→ **Task objective**
Using only the entries below, copy exactly the lines that begin at the one with "Black Biker Quilted Genuine Leather Vest" and end at the one with "[LA-1787941] Blechschild 30x40", both included. Drop the pictures.

→ **Data provided**
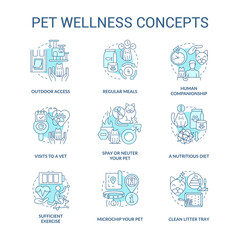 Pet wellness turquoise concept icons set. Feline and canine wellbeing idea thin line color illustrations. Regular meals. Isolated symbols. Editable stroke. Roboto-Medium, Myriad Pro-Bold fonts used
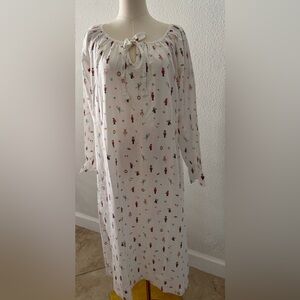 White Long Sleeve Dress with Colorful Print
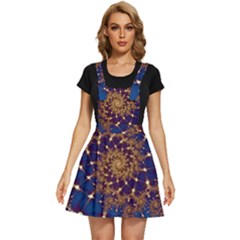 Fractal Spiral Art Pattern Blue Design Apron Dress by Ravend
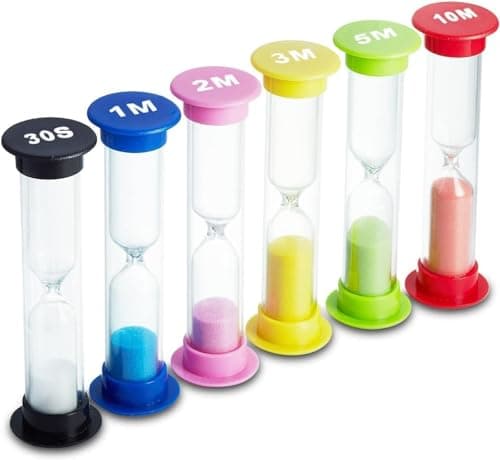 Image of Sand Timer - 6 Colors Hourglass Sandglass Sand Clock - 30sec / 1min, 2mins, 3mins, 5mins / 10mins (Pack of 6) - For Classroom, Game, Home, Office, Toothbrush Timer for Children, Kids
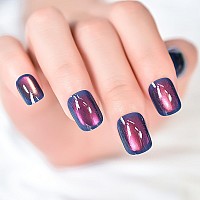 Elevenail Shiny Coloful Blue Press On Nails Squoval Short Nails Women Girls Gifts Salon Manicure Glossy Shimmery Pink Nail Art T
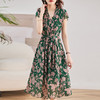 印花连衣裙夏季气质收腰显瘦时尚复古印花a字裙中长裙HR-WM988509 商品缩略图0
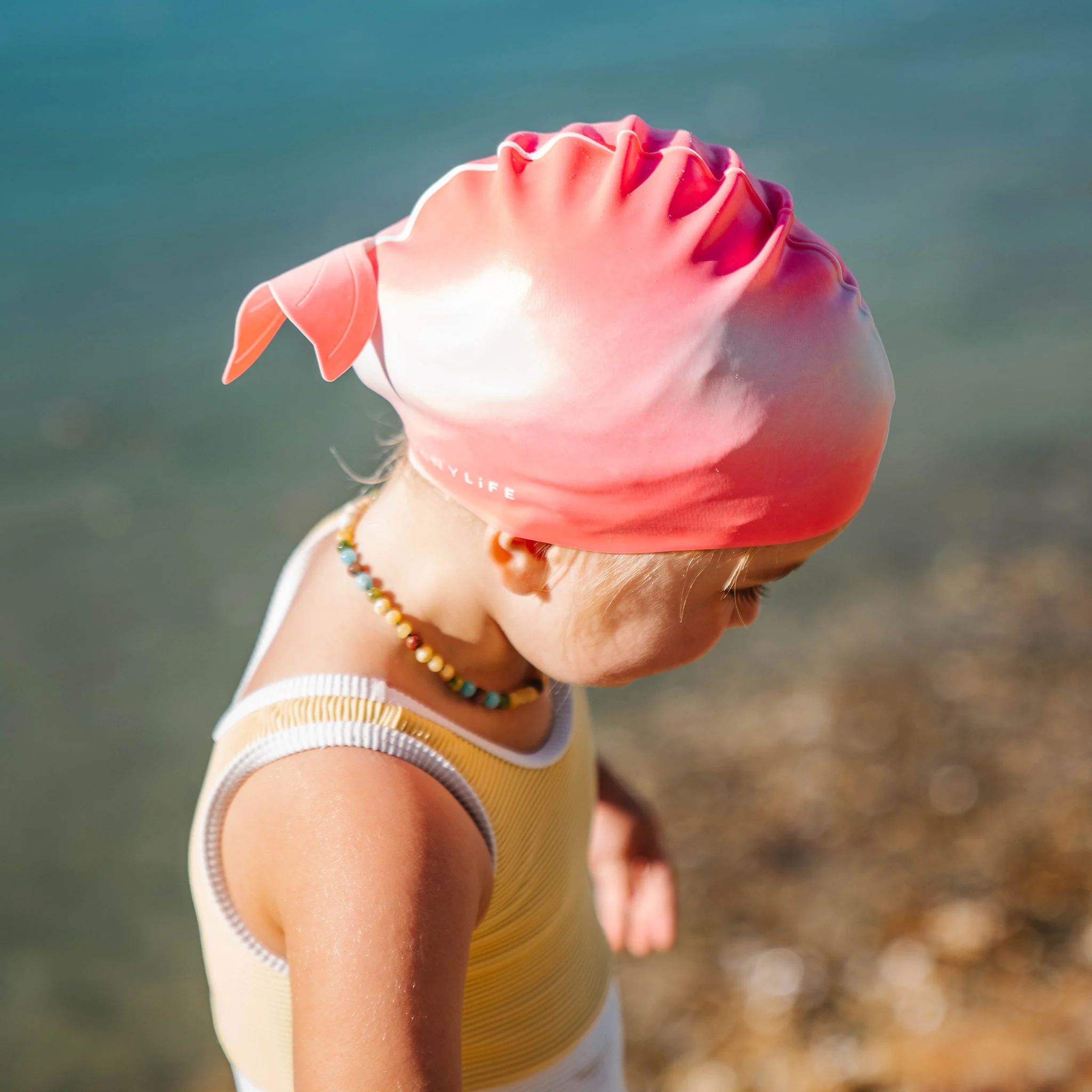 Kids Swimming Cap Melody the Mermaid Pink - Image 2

---

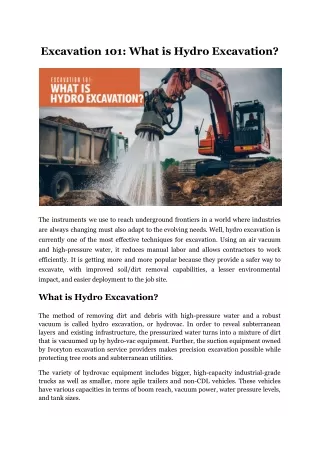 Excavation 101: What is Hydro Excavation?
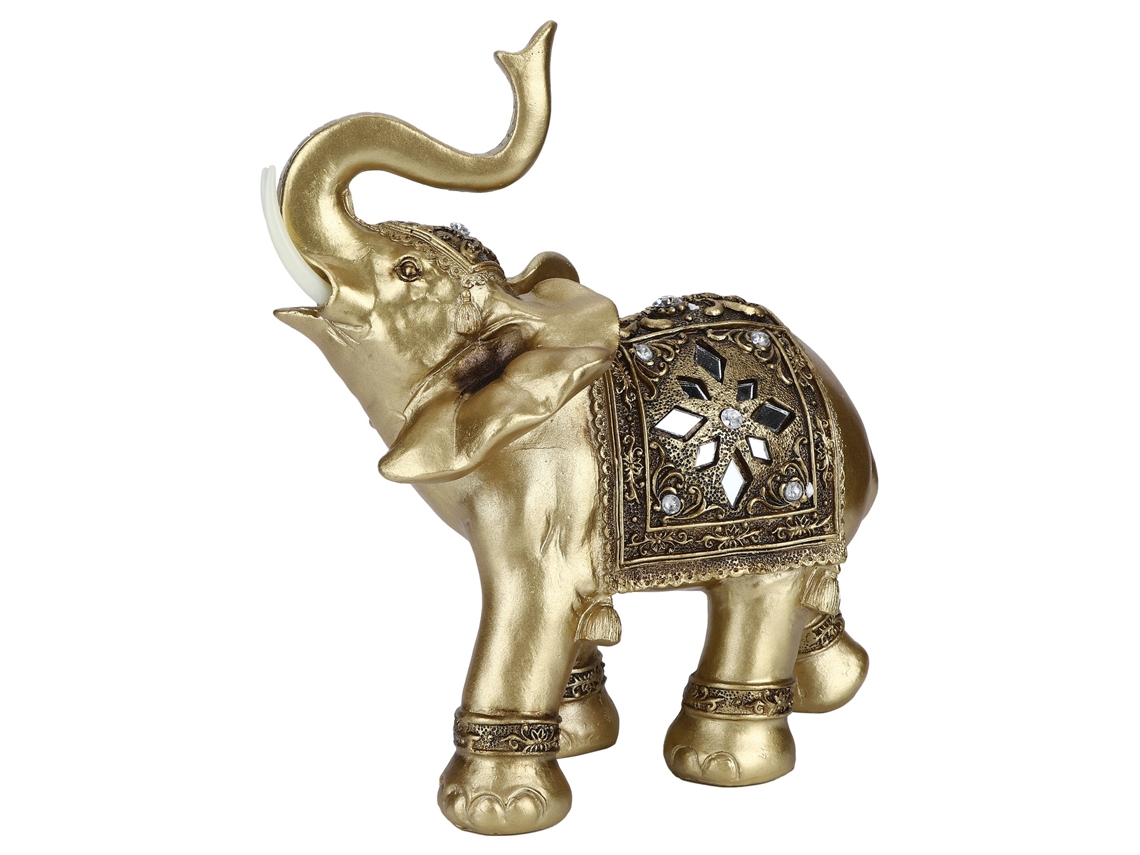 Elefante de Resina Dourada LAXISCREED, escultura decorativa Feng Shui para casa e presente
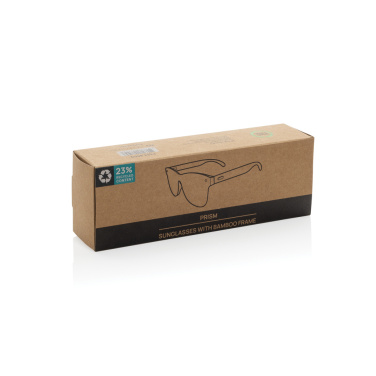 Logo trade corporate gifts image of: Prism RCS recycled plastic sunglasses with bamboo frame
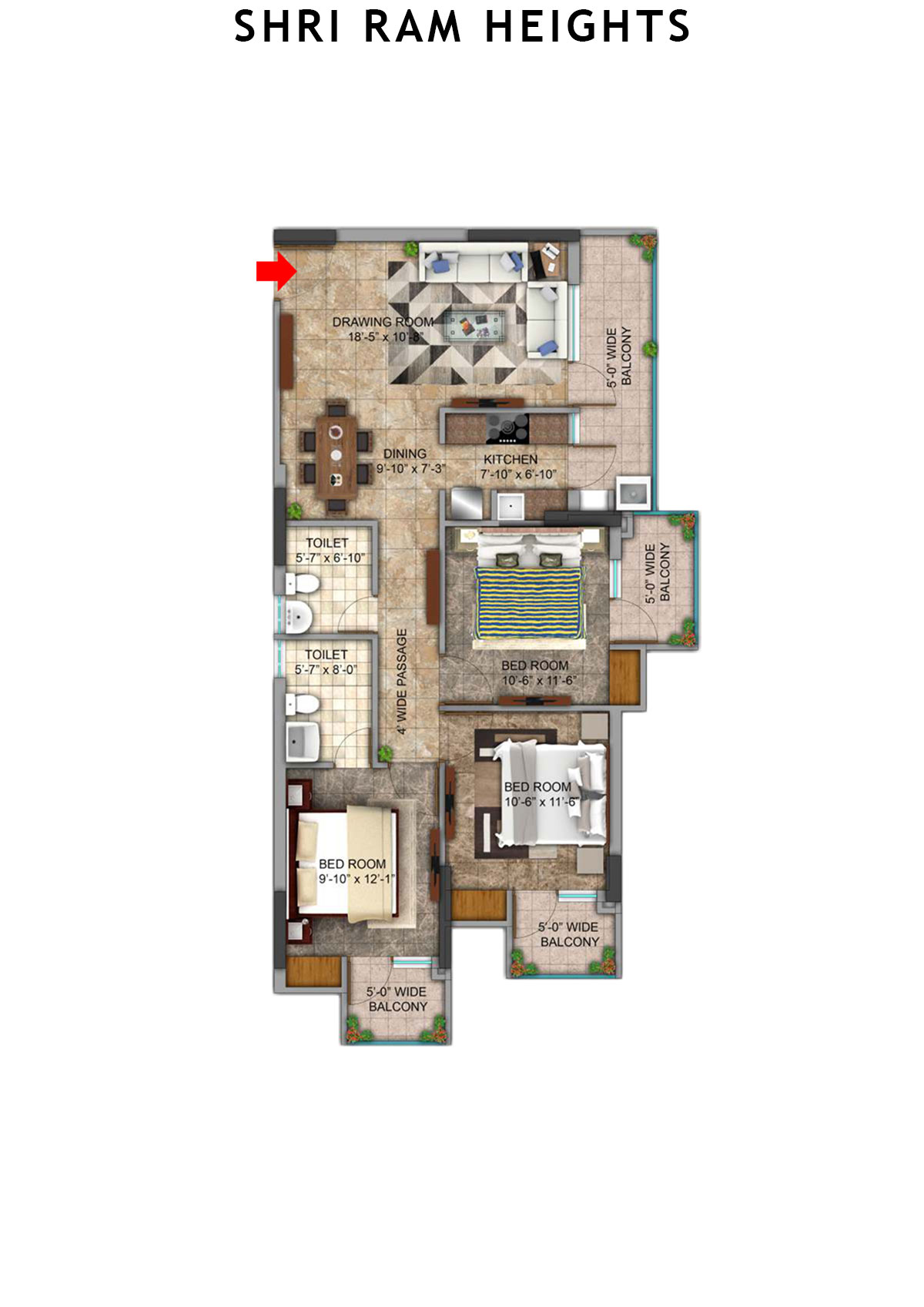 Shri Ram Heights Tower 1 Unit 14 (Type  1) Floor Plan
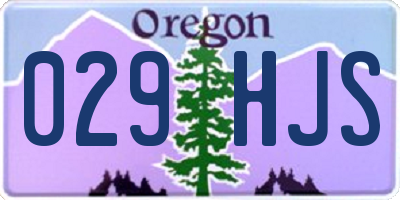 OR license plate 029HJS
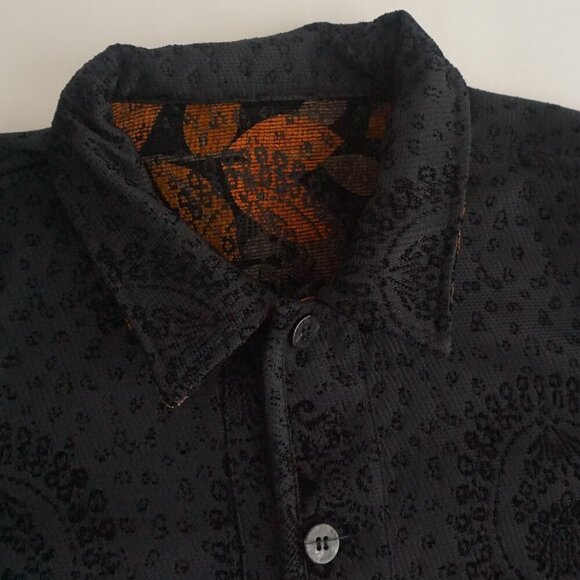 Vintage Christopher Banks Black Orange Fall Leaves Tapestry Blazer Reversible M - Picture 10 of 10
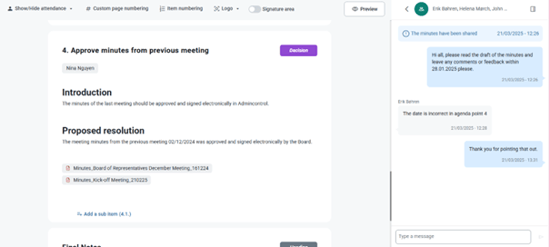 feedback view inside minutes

* * *

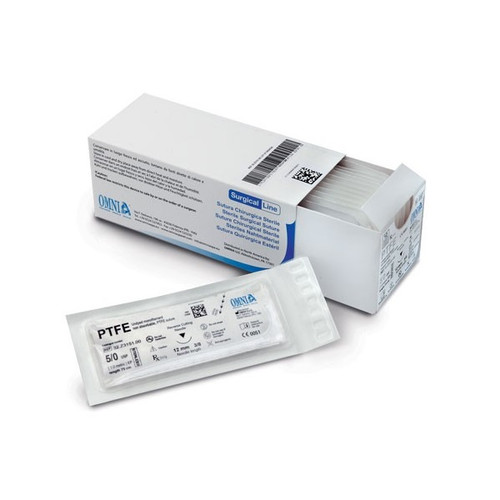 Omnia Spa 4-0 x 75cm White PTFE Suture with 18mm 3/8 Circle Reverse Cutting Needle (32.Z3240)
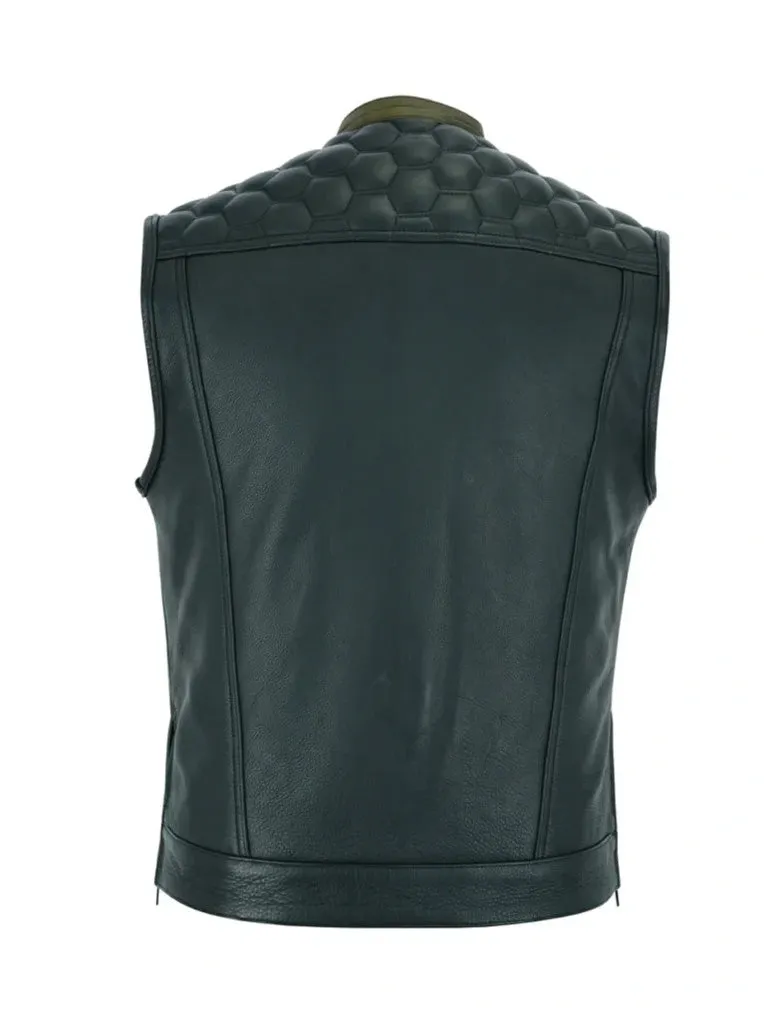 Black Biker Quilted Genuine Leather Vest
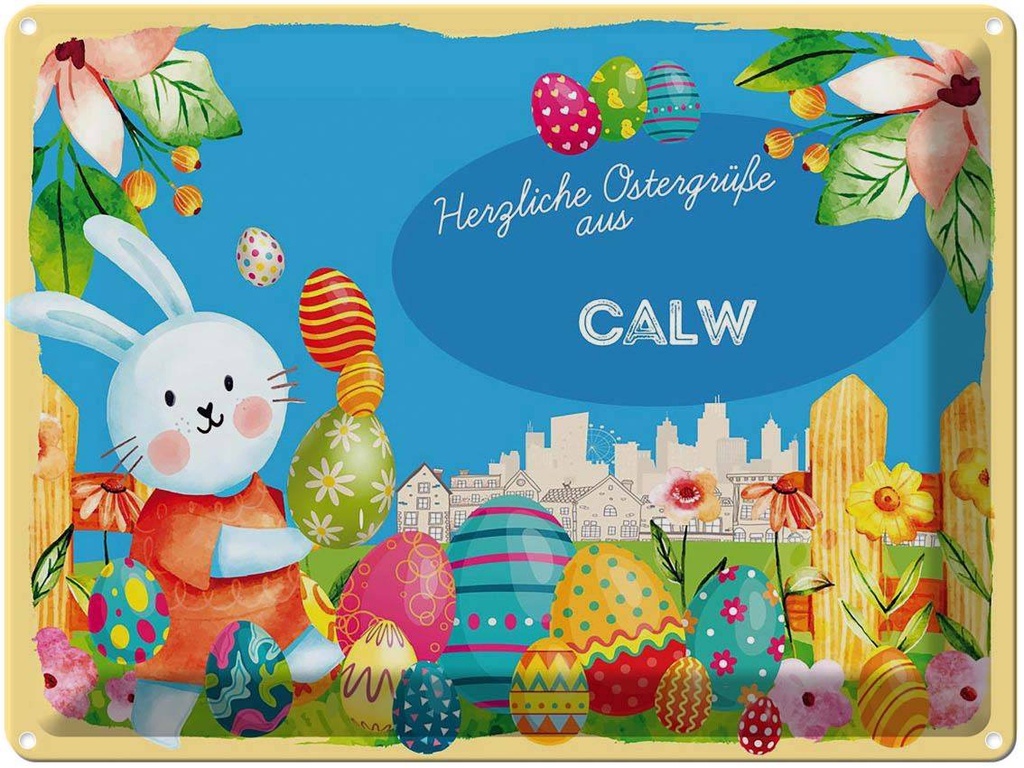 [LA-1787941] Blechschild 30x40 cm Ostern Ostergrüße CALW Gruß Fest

→ **Response box**
 Black Biker Quilted Genuine Leather Vest
 [LA-1787941] Blechschild 30x40 cm Ostern Ostergrüße CALW Gruß Fest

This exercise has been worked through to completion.